In her article in The Wire, Debashree Mukherjee (2019) contends that the voyeuristic representations of Kashmir in popular Indian cinema give us an idea about the “violent and surreal disconnect of the mainland” from the reality of Kashmir. She states that Kashmir is present in the Indian imaginations as a “fantasy space”, a place which is not real and does not have “a history or lived memories, but a cinematic wish. It is a picturesque postcard, a backdrop against which we can take our selfies and thereby exercise our rights of free and full citizenship.”
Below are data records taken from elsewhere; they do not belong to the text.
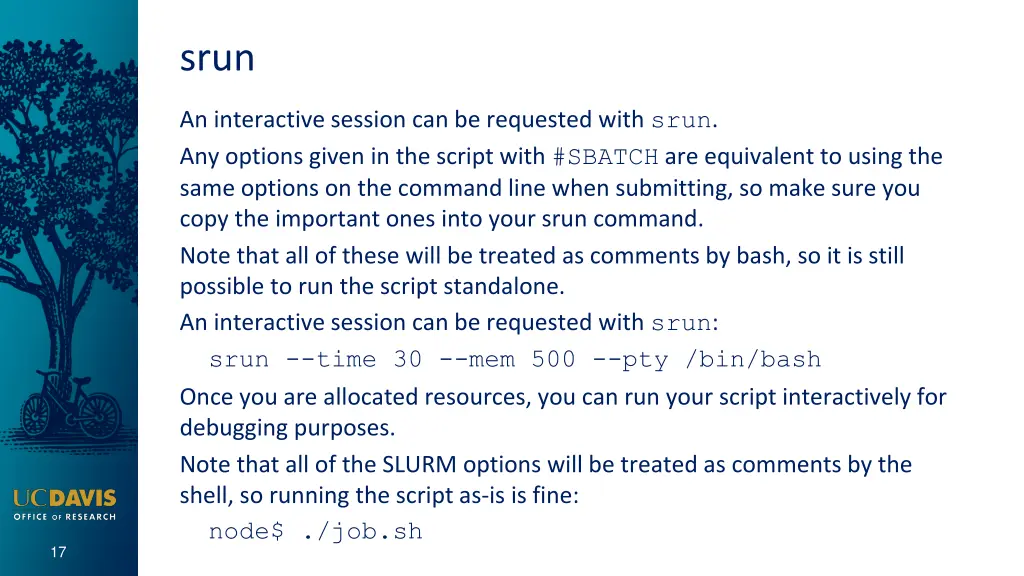 slide17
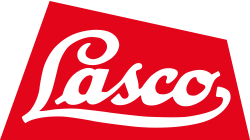 LASCO - Logo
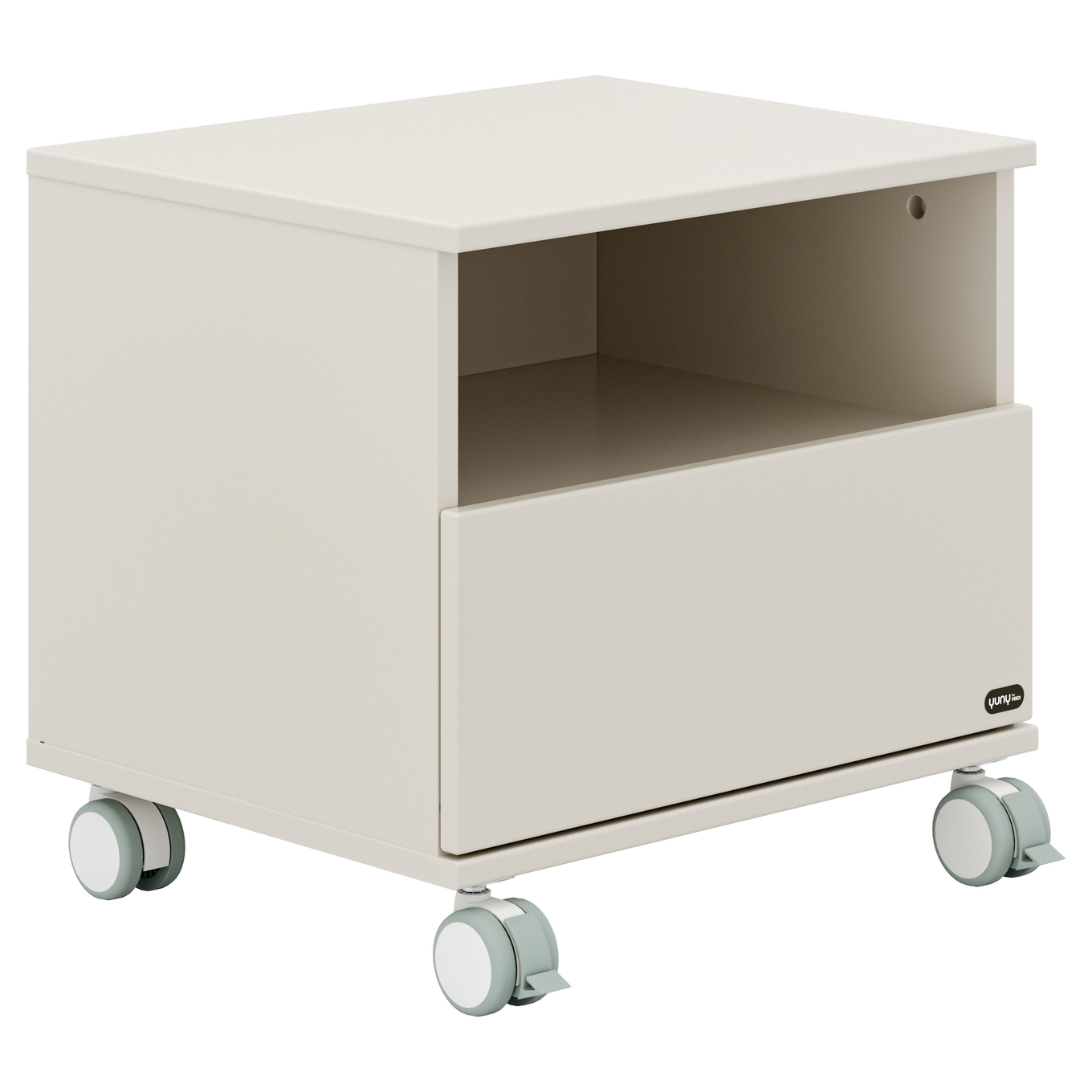 Rollcontainer Sister Lou Yuny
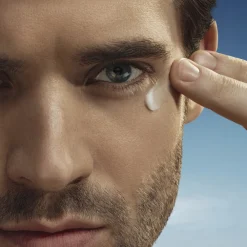 Best Homme Force Supreme Eye Reshaper, 20 ml Ansigtspleje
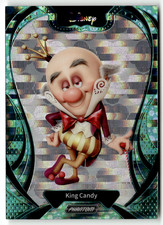 Kakawow Disney Phantom 2025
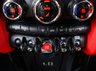 USED 2018 18 MINI HATCH 2.0 John Cooper Works Hatchback 3dr Petrol Auto 8 Spd Euro 6 (s/s) (231 ps) 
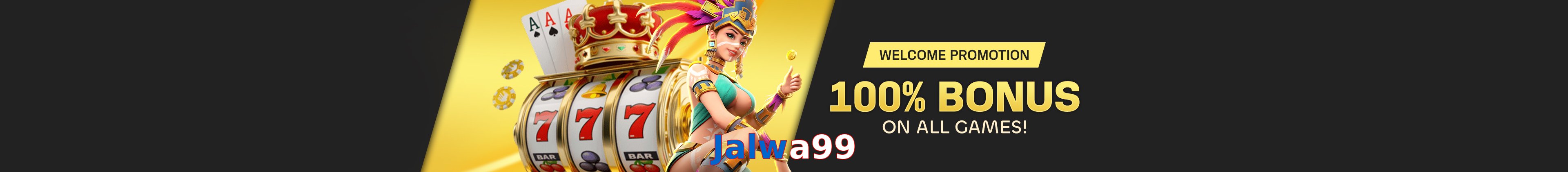 Jalwa99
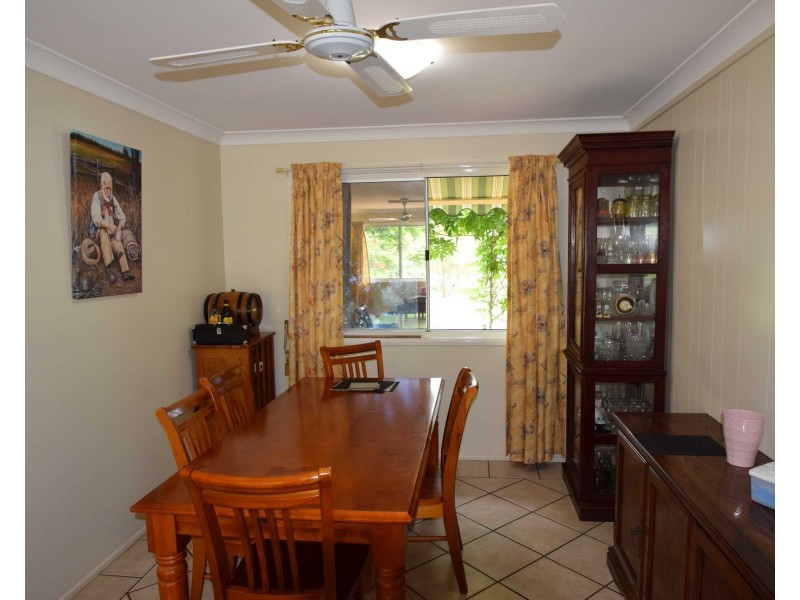 54 Dunlop Road, Esk QLD 4312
In the Indian imagination, the fabricated image of Kashmiri women is dissociated from reality where the Kashmiri women are the active agents of carrying the resistance against the colonial and patriarchal institutions occupying the valley. Indian women also form a vital part of this colonial gaze and this brings us to the question, how does Imperial Brown Feminism view cinematic representations of Kashmiri women? If it’s different from a typical colonial male gaze then how so? Commenting on the skin of Kashmiri women is an exemplar of the casual racism that is deeply embedded in both Indian and Kashmiri societies. Kaul (2018) writes that these flawed representations result in the “perception of Kashmiri women as objects of desire” and position “Kashmiri men as potential terrorists”. These cinematic tropes also add up to “the wider global image of Islam as an inherently regressive religion with a unique propensity for encouraging violence among its adherents”.
Conversely, another movie, Haider is to date the closest if not an accurate depiction of Kashmir and undoubtedly, the most contested one too. Bhat (2015) states that the movie showcases the “inside” of Kashmir and the contestations are mostly because,
“… the first, it attempted to ‘feed’ the viewer with new (real) senses about Kashmir, which many viewers treat unusual and non-intersecting with their understanding vis-a-vis Kashmir… some self-styled hyper nationalists assume it might ‘corrupt’ the minds of many less informed Indian masses, thereby exposing the ‘real’ picture of Kashmir and Kashmiris.”
This movie tried to highlight the aspect of ‘half-widows’ and sought to address the “exact political question” (which I have stressed in the previous articles) revolving the lives of Kashmiri women and has been so far one of few attempts of Indian cinema to put an effort and represent Kashmir in an accurate manner. However, the trope of using Kashmir to try, test and showcase their cine-patriotism appears prominently in recent adventures of Indian cinema as it tries to feed the Indian imagination by exploiting Kashmir and Kashmiris.
As we have come to the last article of this series, one must understand that Kashmiri women form an important part of any dialogue, debate or discourse concerning Kashmir. They are the recipients of the violence and abuse in the valley but Kashmiri resistance or any ‘research’ on Kashmir is empty without their narratives, participation and accurate representation.
Sabahat Ali Wani is the Young India Fellow at Ashoka University.
This is the final article of the three-part series on Kashmiri Feminism.